● **Task to complete**:
An exact copy of every entry below is required, and no picture may appear in it.

** Raw data follows **

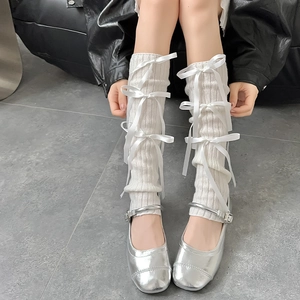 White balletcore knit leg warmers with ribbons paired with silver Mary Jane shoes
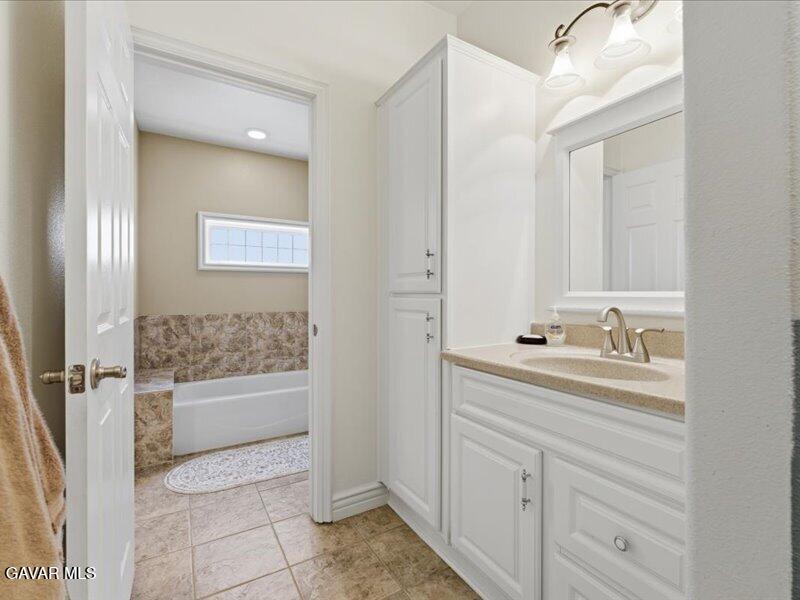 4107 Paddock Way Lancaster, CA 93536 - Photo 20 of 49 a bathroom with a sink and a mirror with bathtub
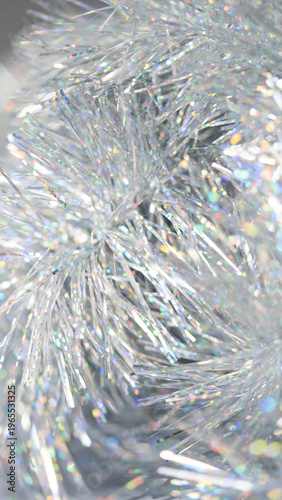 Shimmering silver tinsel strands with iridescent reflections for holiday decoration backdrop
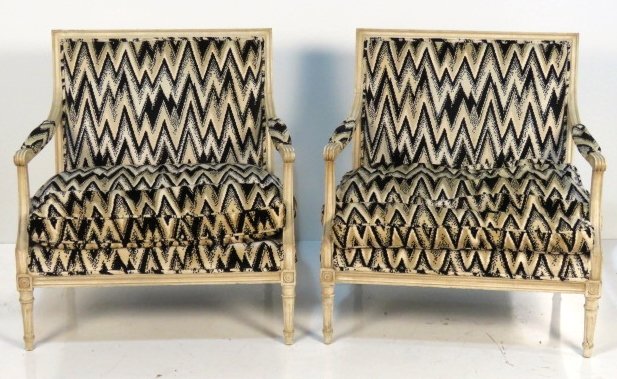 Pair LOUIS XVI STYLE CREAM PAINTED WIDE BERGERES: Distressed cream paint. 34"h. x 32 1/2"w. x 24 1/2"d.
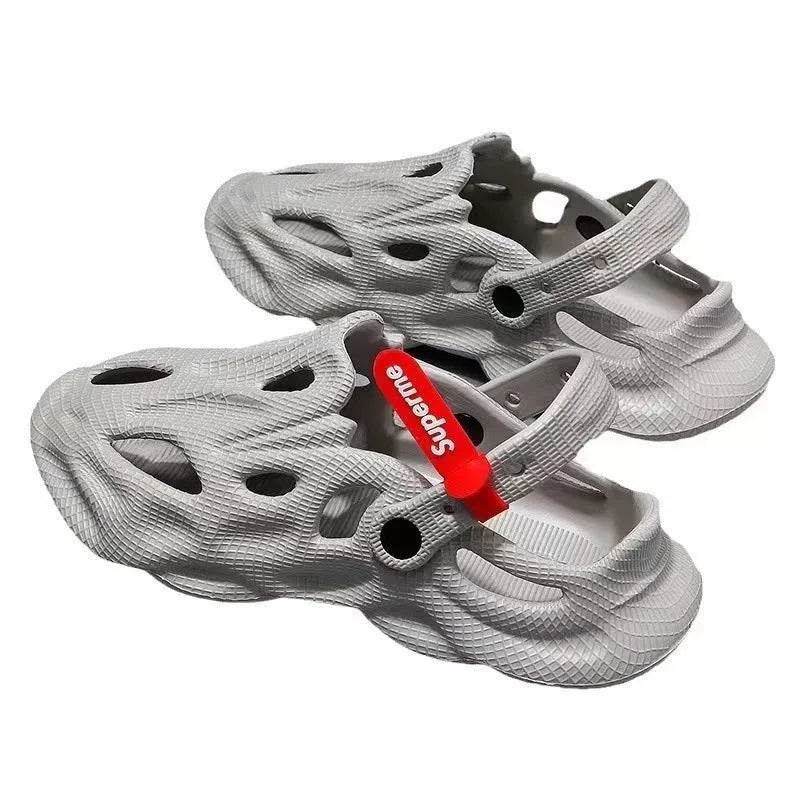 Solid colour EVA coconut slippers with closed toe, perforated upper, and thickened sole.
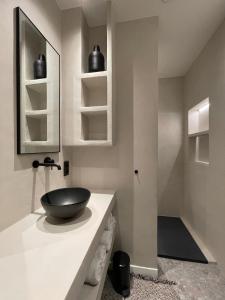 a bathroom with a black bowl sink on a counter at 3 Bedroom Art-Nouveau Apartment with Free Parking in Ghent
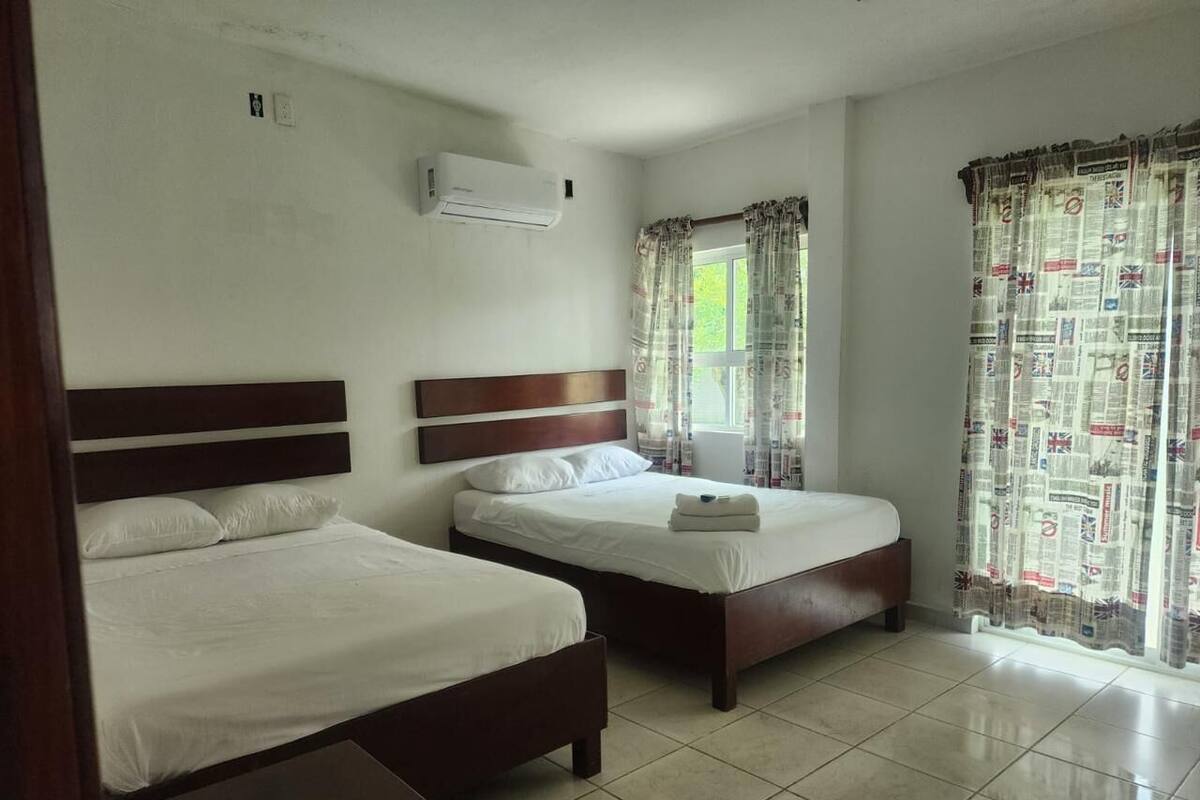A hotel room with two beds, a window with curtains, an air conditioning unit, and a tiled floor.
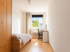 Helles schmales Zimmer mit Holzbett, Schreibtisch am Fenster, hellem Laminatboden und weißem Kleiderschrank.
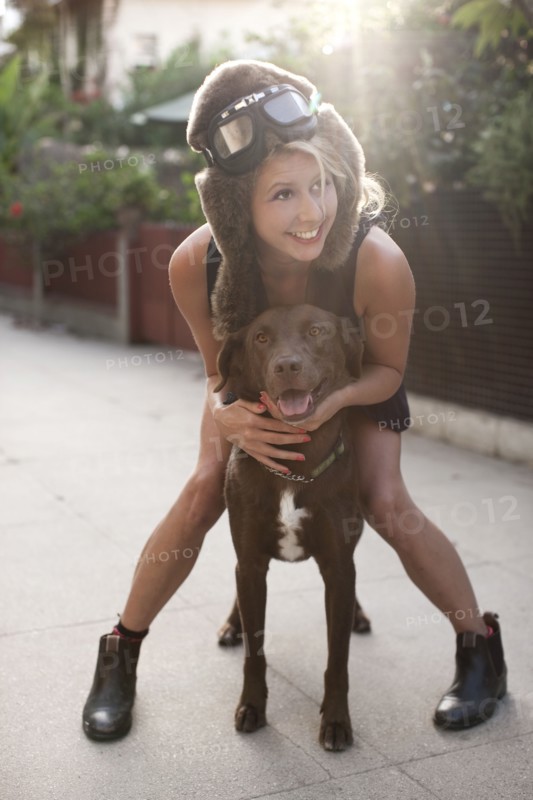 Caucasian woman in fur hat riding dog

** End of Raw data **

● **Exercise result**:
 White balletcore knit leg warmers with ribbons paired with silver Mary Jane shoes
 4107 Paddock Way Lancaster, CA 93536 - Photo 20 of 49 a bathroom with a sink and a mirror with bathtub
 Shimmering silver tinsel strands with iridescent reflections for holiday decoration backdrop
 Pair LOUIS XVI STYLE CREAM PAINTED WIDE BERGERES: Distressed cream paint. 34"h. x 32 1/2"w. x 24 1/2"d.
 Solid colour EVA coconut slippers with closed toe, perforated upper, and thickened sole.
 a bathroom with a black bowl sink on a counter at 3 Bedroom Art-Nouveau Apartment with Free Parking in Ghent
A hotel room with two beds, a window with curtains, an air conditioning unit, and a tiled floor.
 Helles schmales Zimmer mit Holzbett, Schreibtisch am Fenster, hellem Laminatboden und weißem Kleiderschrank.
 Caucasian woman in fur hat riding dog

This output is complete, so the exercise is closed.